A previously unknown climate change movement made everyone sit up and take notice

26th April 2019

It’s Tuesday afternoon, the sun hangs low in the sky above central London and the air is something like electric.

“Remember why you were put on this Earth,” screams a young boy of maybe eight years old, into the face of a police officer who is explaining — in an impressively calm manner, all things considered — to a woman sat on the floor that if she doesn’t get up, and move on, she’ll be arrested.

The woman, entirely unperturbed, looks around to the hundreds of other men, women and children on the bridge with her. There’s singing and chanting, flag-waving and placard-wielding. Sprawled out on the length of the bridge behind her, as well as the people, there’s a skate ramp, food tent, a stage and a makeshift children’s creche.

The woman on the floor smiles up at the officer looming over her, and he tries again.

“You’ve got to move on now, or I’m going to arrest you.”

A few moments later, the woman is scooped up from the floor by three officers. She allows her body to go limp as they carry her away, while the crowd breaks into a sing-songy chant.

“We love you, we love you, we love you.”

Another officer approaches another protester, this time a young man who is sat a few feet away from the spot the woman was carted away from moments before. The process repeats.  

We’re on Waterloo Bridge — typically one of the busiest thoroughfares in Londo — which for the last couple of days and the week or so which will follow, has hosted part of the biggest display of civil disobedience in modern British history. By now you’re no doubt aware of the protests and the organisation behind them, Extinction Rebellion (XR), as they’ve had wall-to-wall coverage in Britain’s media and caused quite a stir around the world too. They’re a group that, this time last year, didn’t exist, and this time last week, most people had never heard of.  

But on Monday 15 April they set out to wake the world up to what they see as the impending doom of our species and our planet by shutting down one of the world’s busiest cities for two weeks, as well coordinating other actions around the world.

I headed down to London as things got underway to find out firsthand what an International Rebellion looks like.

This is an emergency

When the rebellion begins on Monday, there are five main hubs of activity spread across Central London, each with its own name and vibe.

I head first for Marble Arch, or “This is an emergency” (presumably not a Pigeon Detectives reference), where a six-lane arterial road will be blocked for more than a week through non-violent direct action.

Sorry for what we’re doing

I can see and feel the effects of the protest long before arriving at its heart. The roads are entirely empty of vehicles as I walk alongside Hyde Park, save for a long line of stationary police cars and riot vans, and the distant thump of a drumbeat grows steadily louder as I get closer.

It’s difficult for me to fully appreciate maybe, as someone who doesn’t spend much time in the capital, but a lot of people comment on how nice it is for so many of these usually-bustling streets to be temporarily pedestrianised as a result of the protests.
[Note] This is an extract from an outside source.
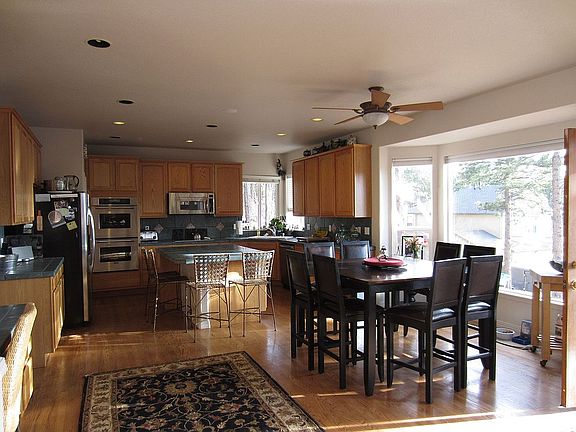 Breakfast Nook to Kitchen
Blockades have been set up on all the roads surrounding John Nash’s famed 19th century construction. And most of the other sites are manned by dozens of volunteers holding signs and banners whose numbers decline only slightly through the long night shifts.
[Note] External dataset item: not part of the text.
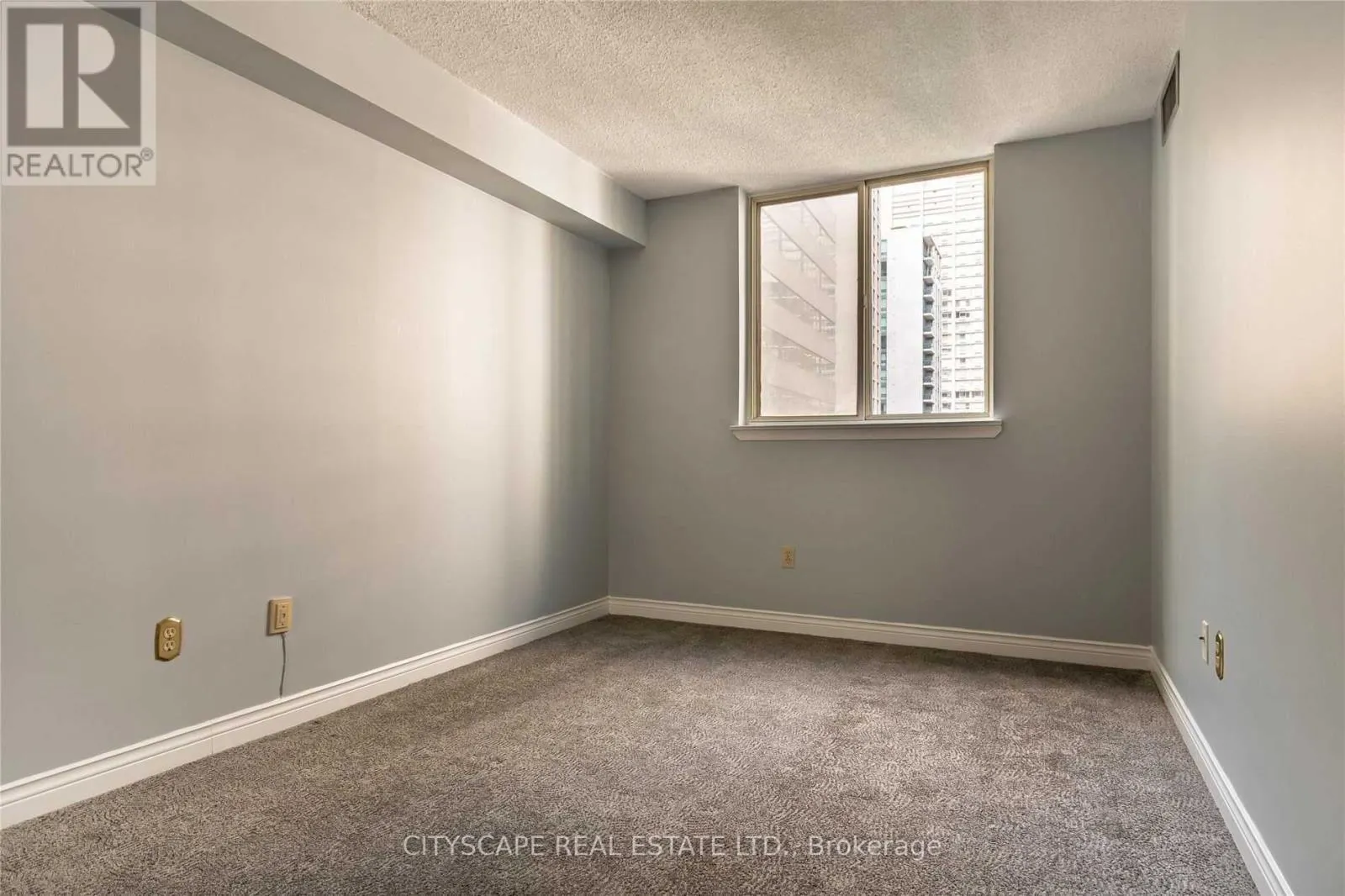1101 - 1055 BAY STREET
Those manning the roadblocks are on rotation, and members of the crowd are encouraged to relieve their positions every few hours, so as to share the load. They go on all through the night, with probably 20-plus people manning each blockade most of the time. XR activists with training in conflict resolution linger around near each blockade, giving out information to interested passers-by and attempting to assuage the tempers of the occasional angry pedestrian or driver.

Not long after I arrive, there’s a commotion and some raised voices by one blockade, and I head over, expecting to find an argument. It’s a few passers-by who seem to have enjoyed a few after work drinks, that are actually just shouting encouragement and support to the protesters. A volunteer waves them off, smiling.
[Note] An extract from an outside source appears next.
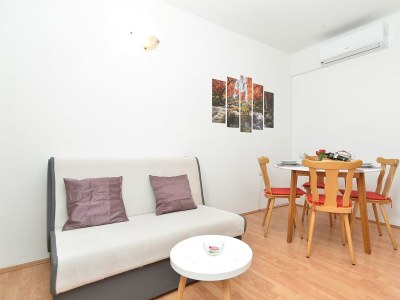 Apartment One bedroom apartment with balcony Kukci, Poreč A-20797-a - Outdoor photo 15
Will is 25 and a teacher, originally from the Lake District. This lucky rebel has been tasked with manning the corner near Marble Arch. I speak to a few people doing this job while I’m milling around London, and they were all really pleasant and did a good job of explaining Extinction Rebellion’s message and demands, staying “on message” without feeling rehearsed or scripted. Almost as if they genuinely care about the planet!

Sooner or later if we don’t act, the problems people have faced today and over the next few days will be absolutely nothing compared to the situation we’ll all be in as a result of this climate crisis

Will also discusses his feelings about causing this disruption. To those who’ve suffered as a result, the primary message is apologetic.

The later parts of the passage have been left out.